On November 6, 2024, the Board declared a distribution for the quarter ended December 31, 2024 of $0.12 per share payable on January 8, 2025 to stockholders of record as of December 20, 2024.

This distribution represents a 15.34% yield on the Company’s $3.13 share price as of market close on September 30, 2024. Distributions may include net investment income, capital gains and/or return of capital, however, the Company does not expect the dividend for the quarter ending September 30, 2024, to be comprised of a return of capital. The Company’s investment adviser monitors available taxable earnings, including net investment income and realized capital gains, to determine if a return of capital may occur for the year. The Company estimates the source of its distributions as required by Section 19(a) of the Investment Company Act of 1940 to determine whether payment of dividends are expected to be paid from any other source other than net investment income accrued for the current period or certain cumulative periods, but the Company will not be able to determine whether any specific distribution will be treated as taxable earnings or as a return of capital until after at the end of the taxable year.

Portfolio and Investment Activities

During the quarter, the Company made investments in three new portfolio companies and three existing portfolio companies. The aggregate capital invested during the quarter totaled $13.1 million, at cost, **** of which $0.5 million represents the reinstatement of previously recorded paydowns for interest received from Klein Hersh, LLC while it was on non-accrual status. The debt investments were made at a weighted average yield of 10.73%.

The Company received proceeds of $14.2 million from repayments, sales and amortization during the quarter, primarily related to the realization of Retail Services WIS Corporation and South Coast Terminals, LLC.

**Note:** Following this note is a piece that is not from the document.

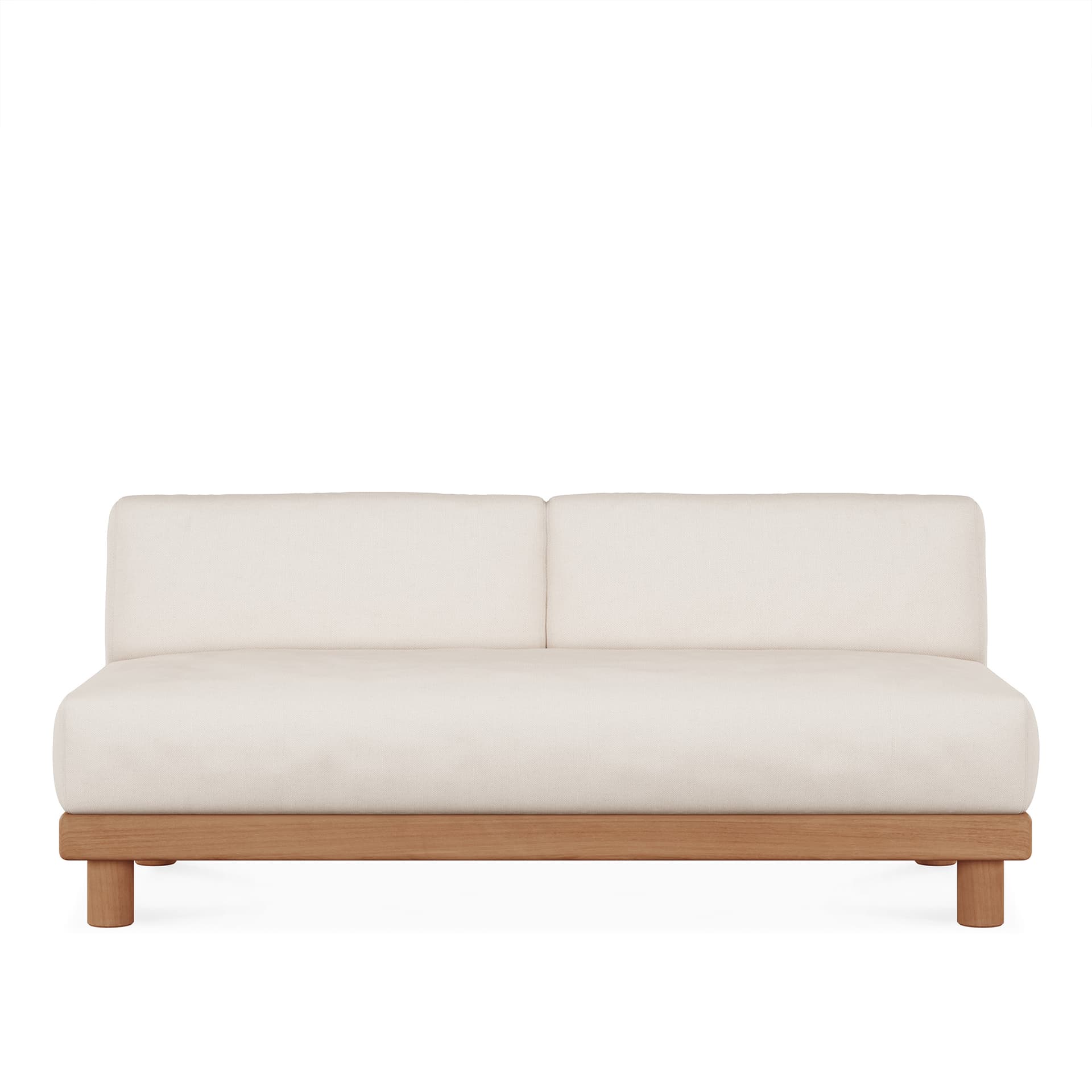 Ethnicraft - Monocle outdoor modular sofa - teak - White fabric - 2 seater - Utendørs sofaer - Jacques Deneef - Tre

During the quarter, the Company had net repayments of $7,500 on its existing delayed draw and revolving credit commitments to portfolio companies.

The Company’s net realized, and unrealized gains and losses accounted for an increase in the Company’s net investments of approximately $4.3 million, or $0.30 per share. The total net increase in net assets resulting from operations for the quarter was $6.6 million, or $0.46 per share.

As of September 30, 2024, the Company’s investment portfolio consisted of investments in 45 portfolio companies, of which 82.47% were first lien investments and 17.53% were equity, warrants, and other investments. The Company’s debt portfolio consisted of 79.9% floating rate investments and 2.6% fixed rate investments.

Capital Resources

As of September 30, 2024, the Company had $10.1 million in cash, of which $8.3 million was restricted cash, and $52.5 million of unused and available capacity under its revolving credit facility with Capital One, N.A.

Subsequent Events

From October 1, 2024 through November 12, 2024, the Company had advances of $0.5 million on its existing delayed draw credit commitments to portfolio companies. As of November 12, 2024 the Company had investments in 45 portfolio companies.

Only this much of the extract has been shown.